A reconciliation between GAAP operating results and non-GAAP operating results is provided following the financial statements that are part of this release. Non-GAAP results include the impact of stock-based compensation, but exclude the impact of acquisition, restatement and restructuring related items, goodwill and intangible asset impairment, and certain discrete tax items.

KLA-Tencor will discuss the results for its fiscal year 2010 fourth quarter and full year, along with its outlook, on a conference call today beginning at 2:00 p.m. Pacific Daylight Time. A webcast of the call will be available at: www.kla-tencor.com


Forward-Looking Statements:

Statements in this press release other than historical facts, such as statements regarding KLA-Tencor’s position as a market and technology leader and the company’s ability to successfully innovate, develop and sell new technologies and products that meet customer needs, are forward-looking statements and are subject to the Safe Harbor provisions created by the Private Securities Litigation Reform Act of 1995. These forward-looking statements are based on current information and expectations, and involve a number of risks and uncertainties. Actual results may differ materially from those projected in such statements due to various factors, including but not limited to: the demand for semiconductors; the financial condition of the global capital markets and the general macroeconomic environment; new and enhanced product and technology offerings by competitors; cancellation of orders by customers; the ability of KLA-Tencor’s research and development teams to successfully innovate and develop technologies and products that are responsive to customer demands; KLA-Tencor’s ability to successfully integrate and manage businesses that it acquires; market acceptance of the company’s existing and newly issued products; and changing customer demands.
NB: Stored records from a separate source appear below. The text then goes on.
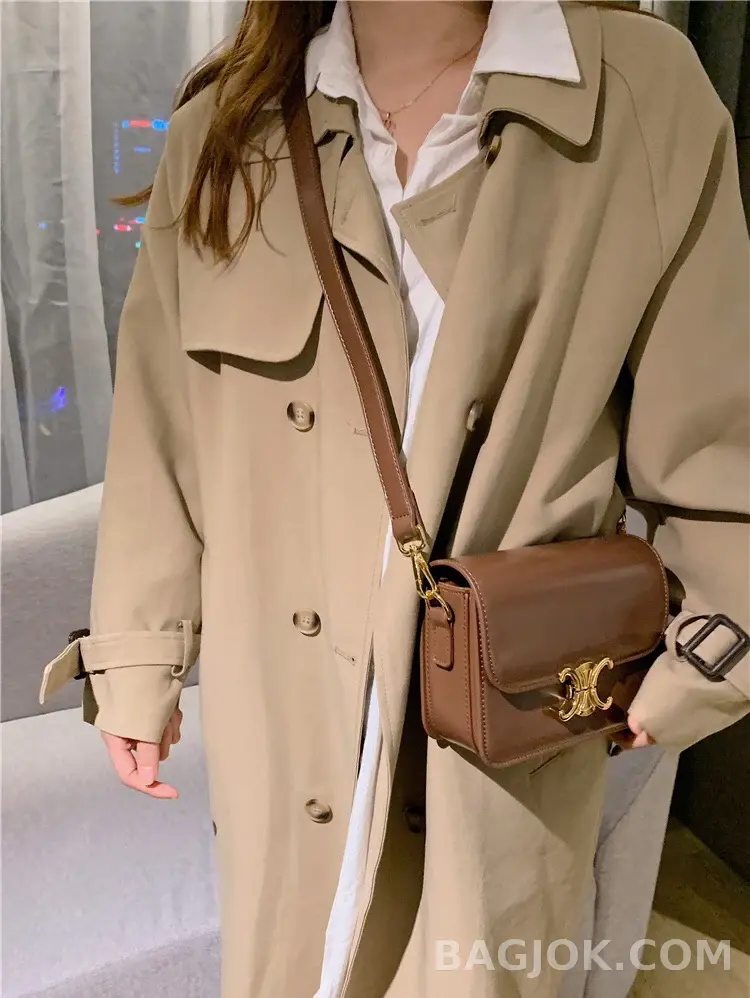 셀린느 CELINE 트리옹프 숄더백 틴 상세 이미지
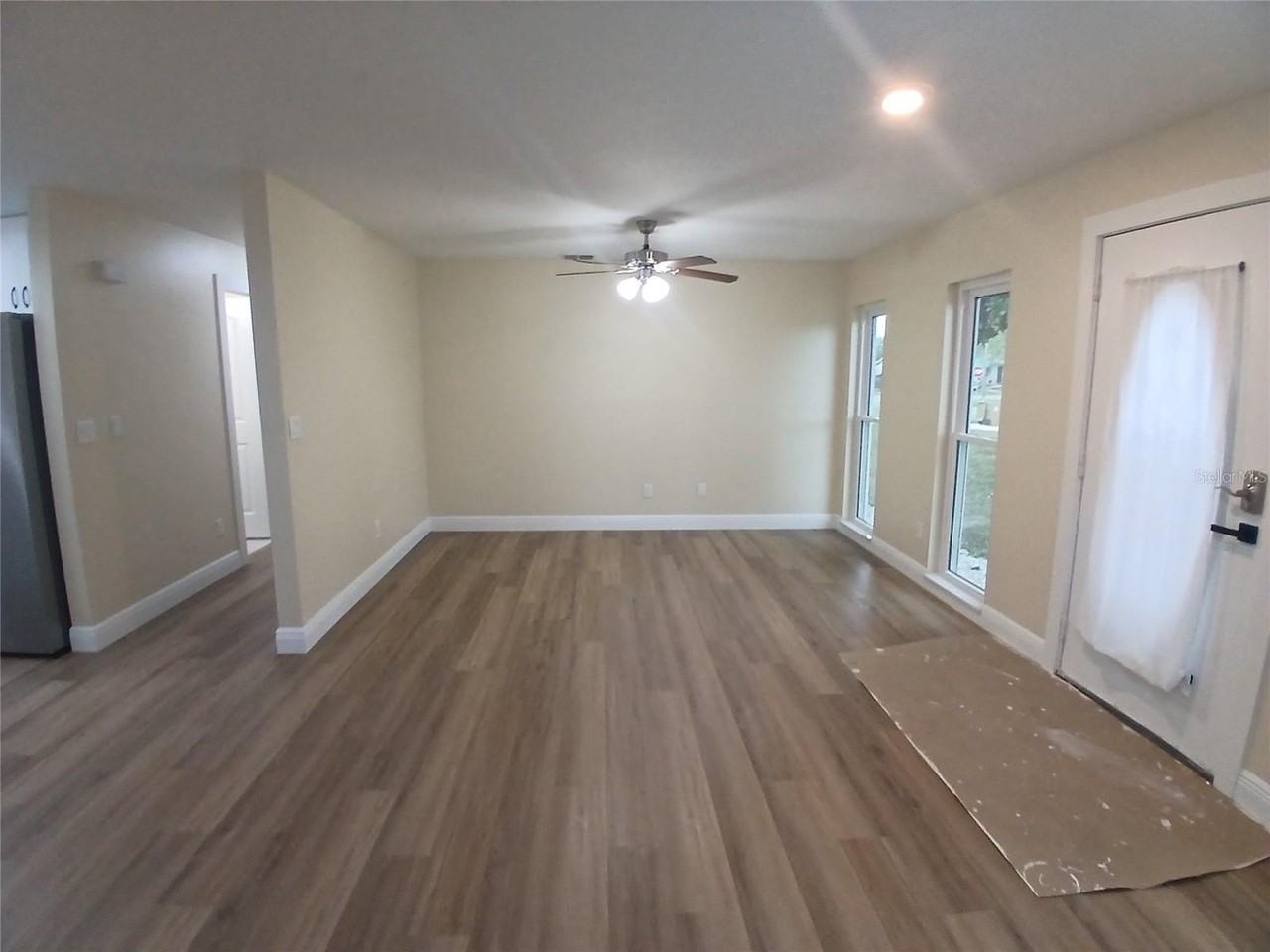 181 Guaymas Dr - Photo 4 of 18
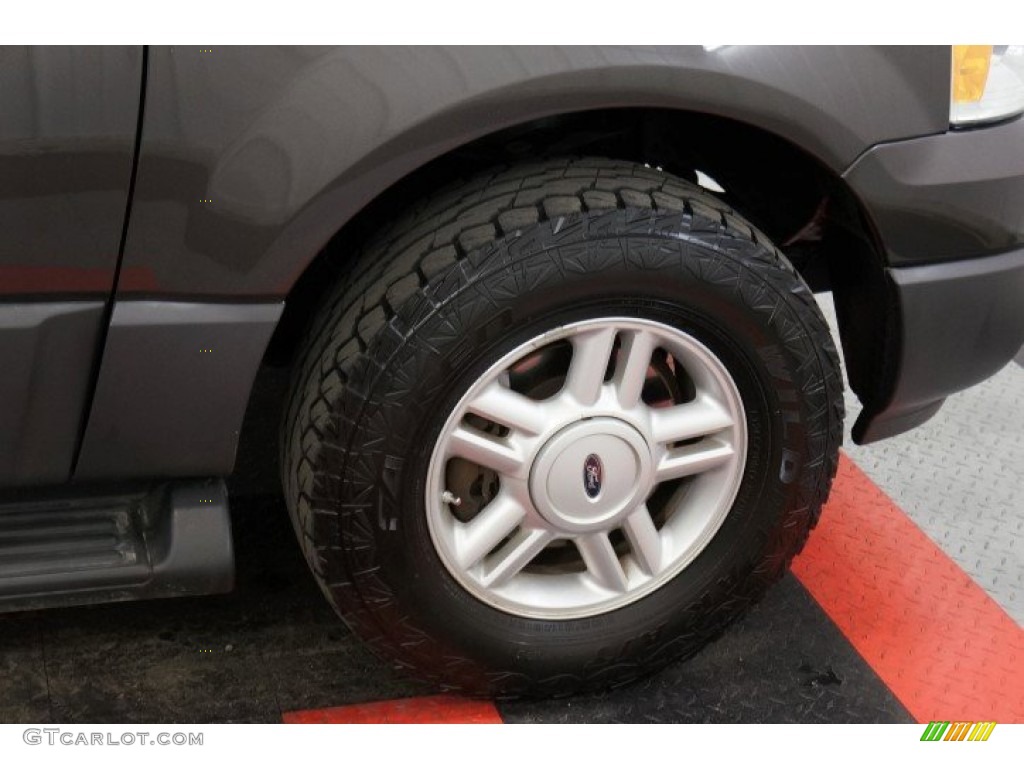 2005 Expedition XLT 4x4 - Dark Stone Metallic / Medium Parchment photo #48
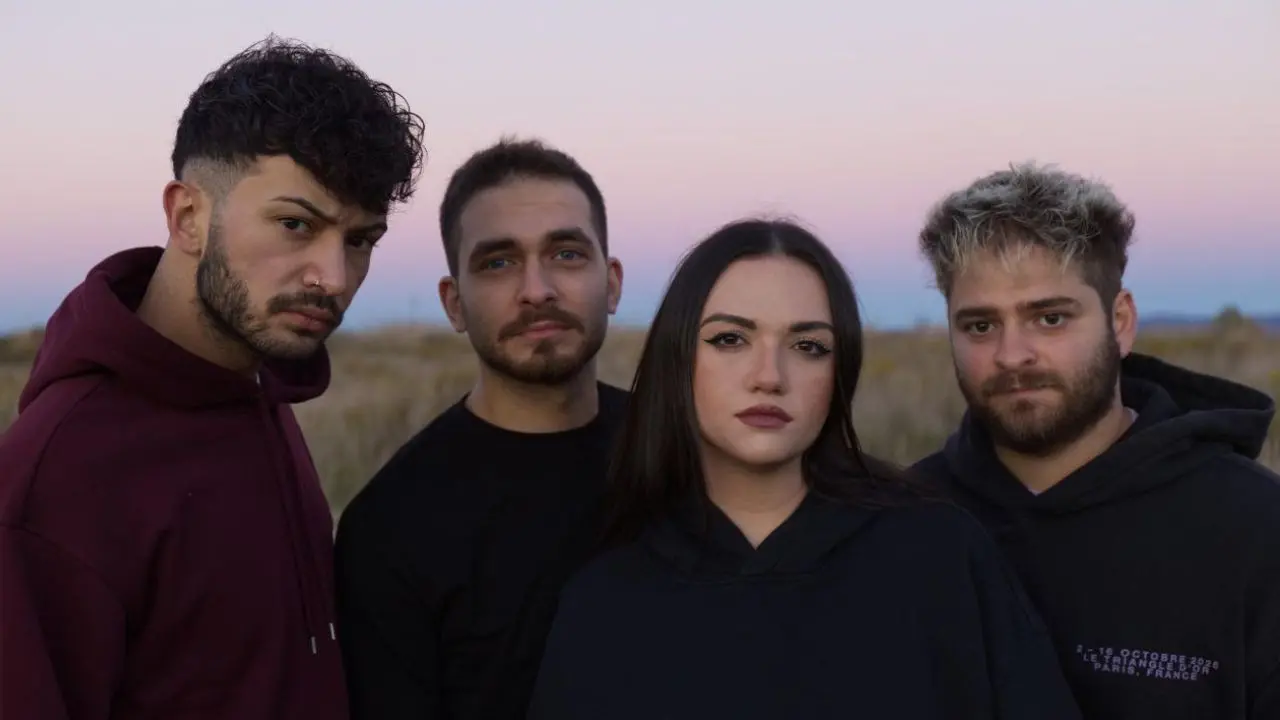 L’esordio dei Loom: la giovane band calabrese che con ‘’Ghost Town’’\u00A0porta nuova linfa alla scena pop rock\n\n\n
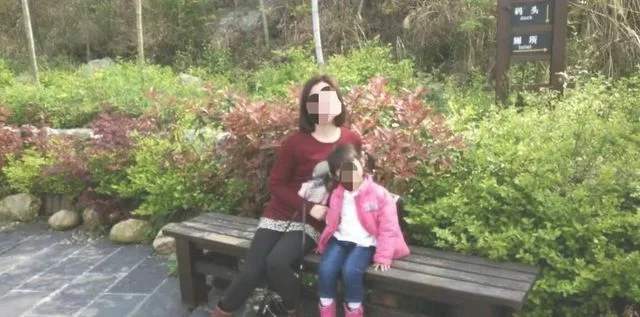 市民将退烧药挂防盗窗分邻居(他发现病历疑点获赔386万)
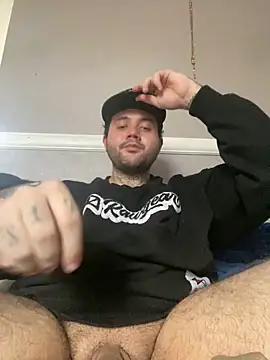 Snapshot of 817raul chatting on March 2025 08:21:01 PM 817raul online show from March 2025 08:21:01 PM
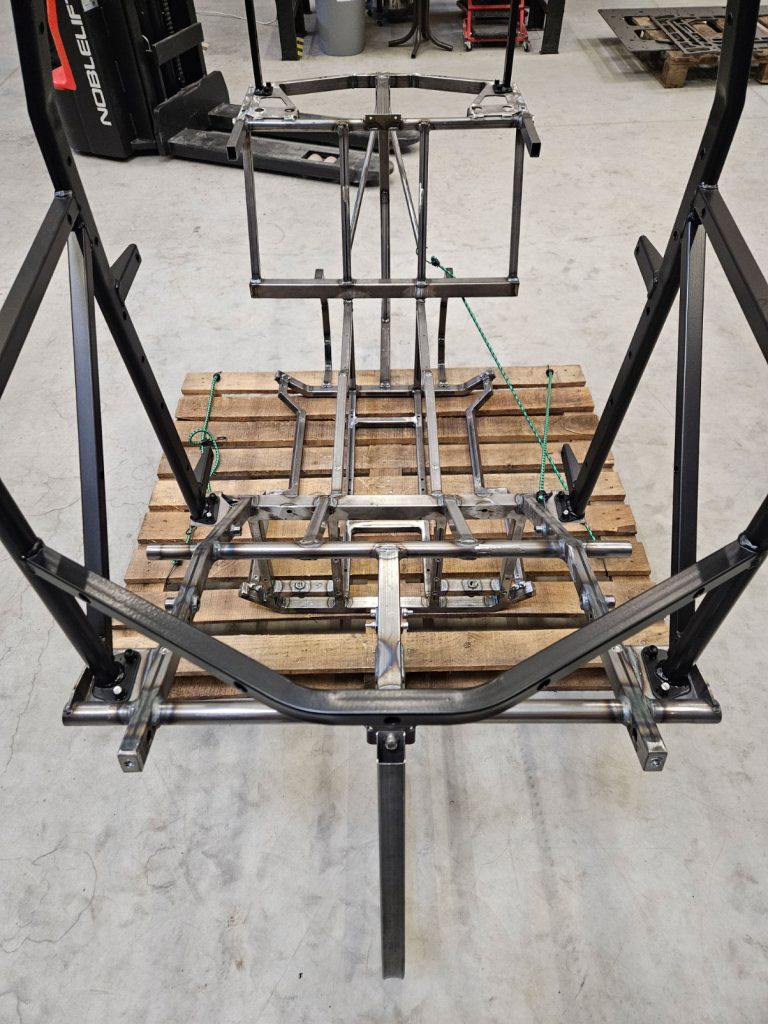 aemotion-grinand-vehicule-pendulaire-5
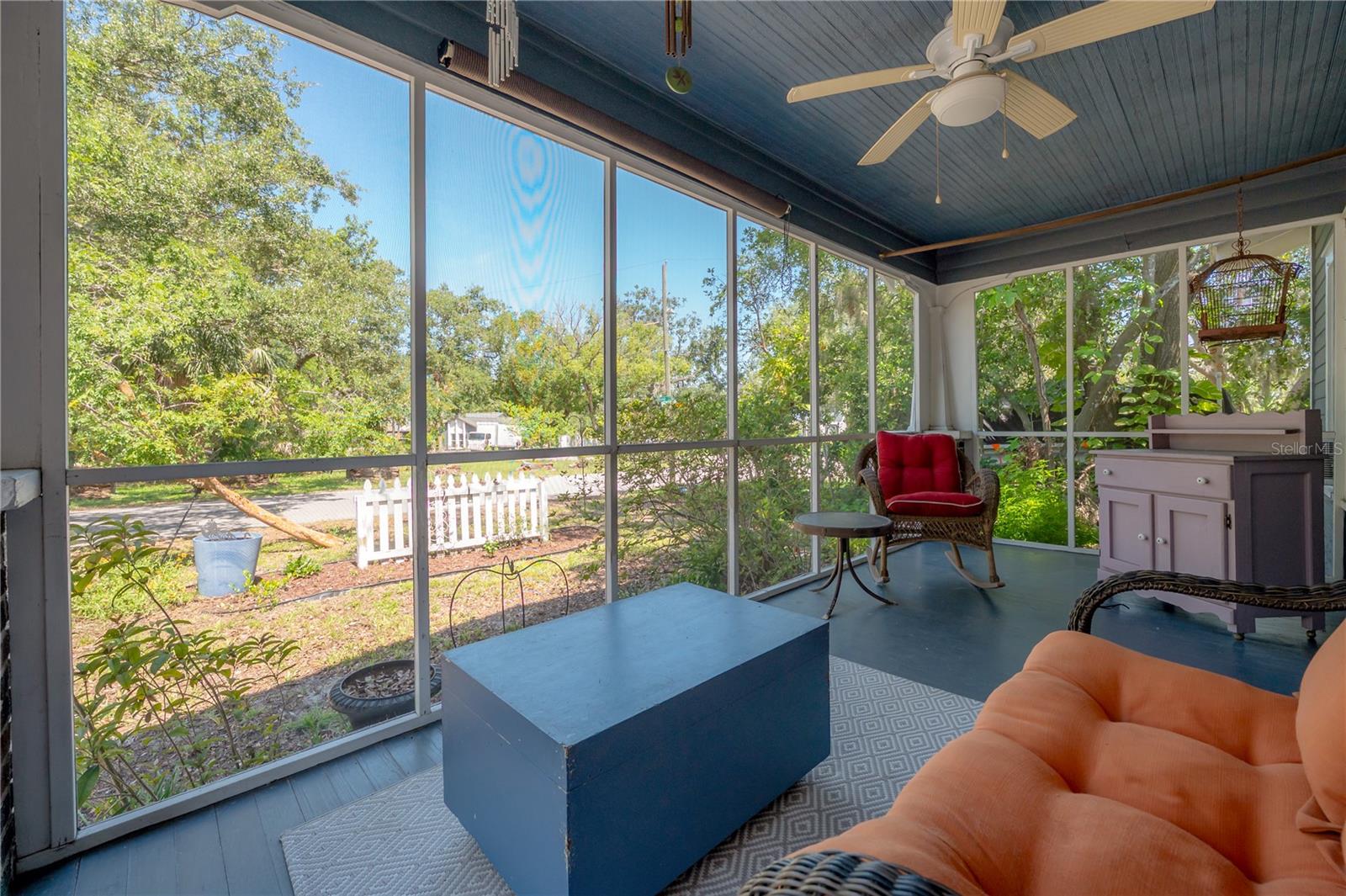 Image 41 of 77 For 917 Idlewild Avenue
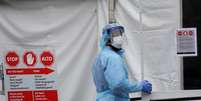 Profissional de saúde com trajes de proteção entra em centro hospitalar em Nova York durante pandemia de Covid-19
31/03/2020 REUTERS/Brendan Mcdermid   Foto: Reuters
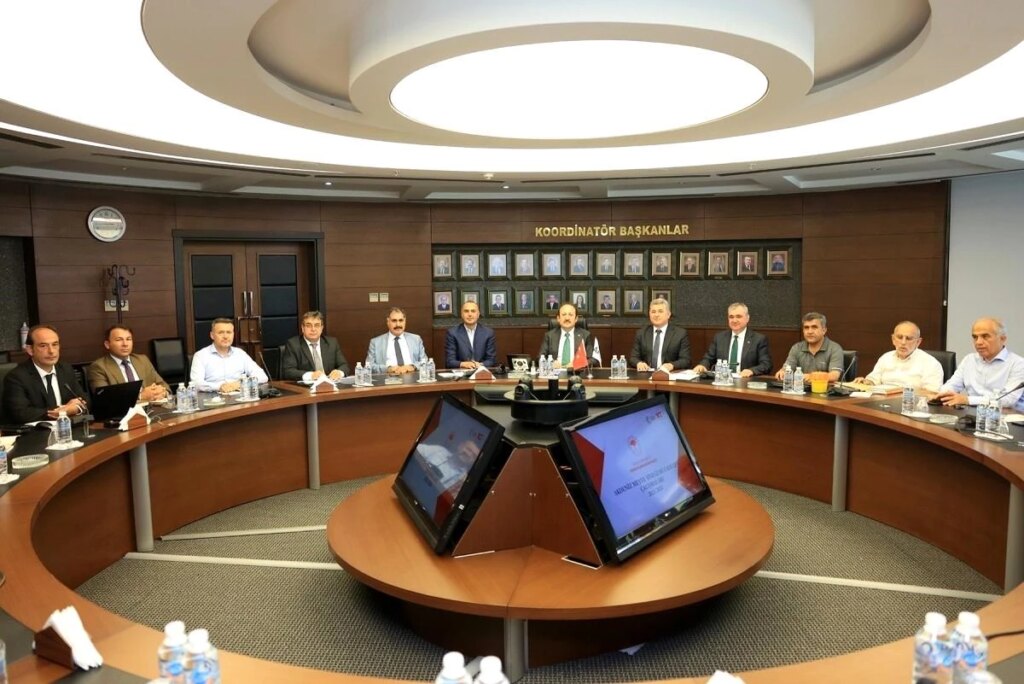 Meyve Zararlılarıyla Mücadele: Yere Düşen Her Meyve Zarar Veriyor!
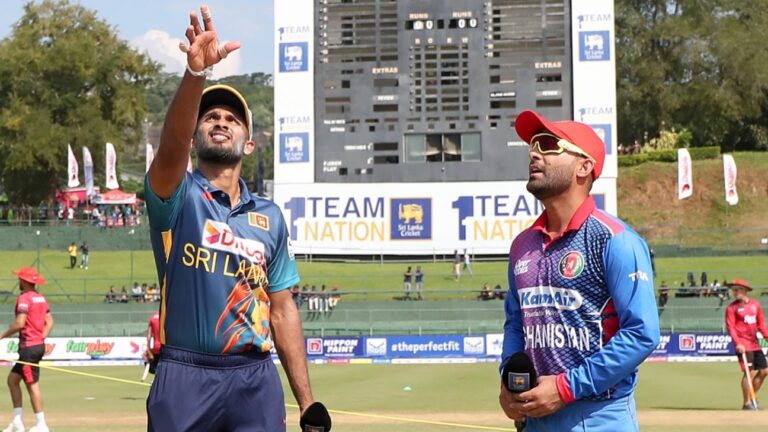 Both teams unchanged as Afghanistan opt to bat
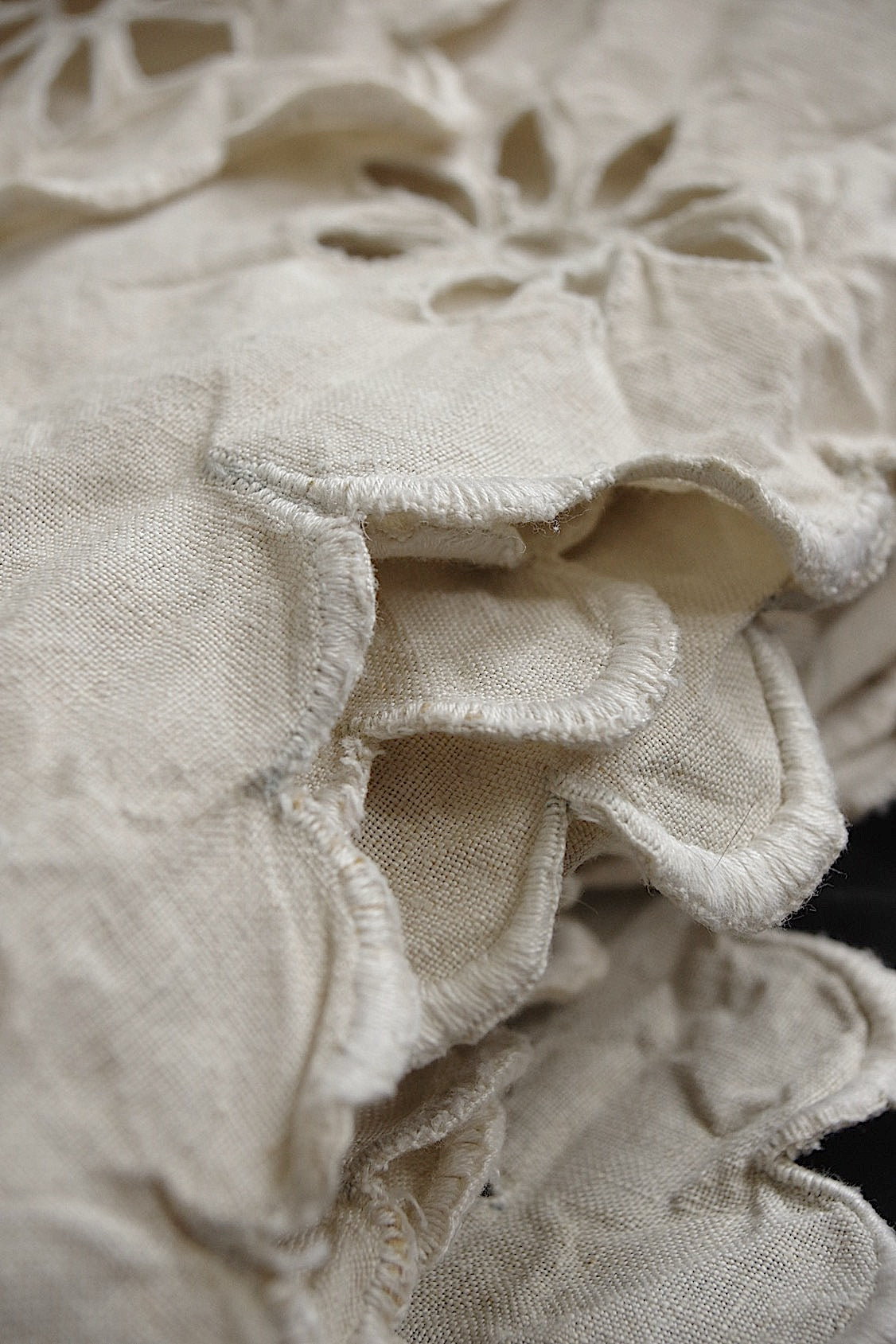 アンティークインテリアカバー linge de maison antique リネン刺繍 .FR a l'epoque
For other factors that may cause actual results to differ materially from those projected and anticipated in forward-looking statements in this release, please refer to KLA-Tencor’s Annual Report on Form 10-K for the year ended June 30, 2009, subsequently filed Quarterly Reports on Form 10-Q and other filings with the Securities and Exchange Commission (including, but not limited to, the risk factors described therein). KLA-Tencor assumes no obligation to, and does not currently intend to, update these forward-looking statements.

About KLA-Tencor:

KLA-Tencor Corporation (NASDAQ: KLAC), a leading provider of process control and yield management solutions, partners with customers around the world to develop state-of-the-art inspection and metrology technologies. These technologies serve the semiconductor, data storage, LED, photovoltaic, and other related nanoelectronics industries. With a portfolio of industry-standard products and a team of world-class engineers and scientists, the company has created superior solutions for its customers for over 30 years. Headquartered in Milpitas, California, KLA-Tencor has dedicated customer operations and service centers around the world. Additional information may be found at www.kla-tencor.com. (KLAC-F)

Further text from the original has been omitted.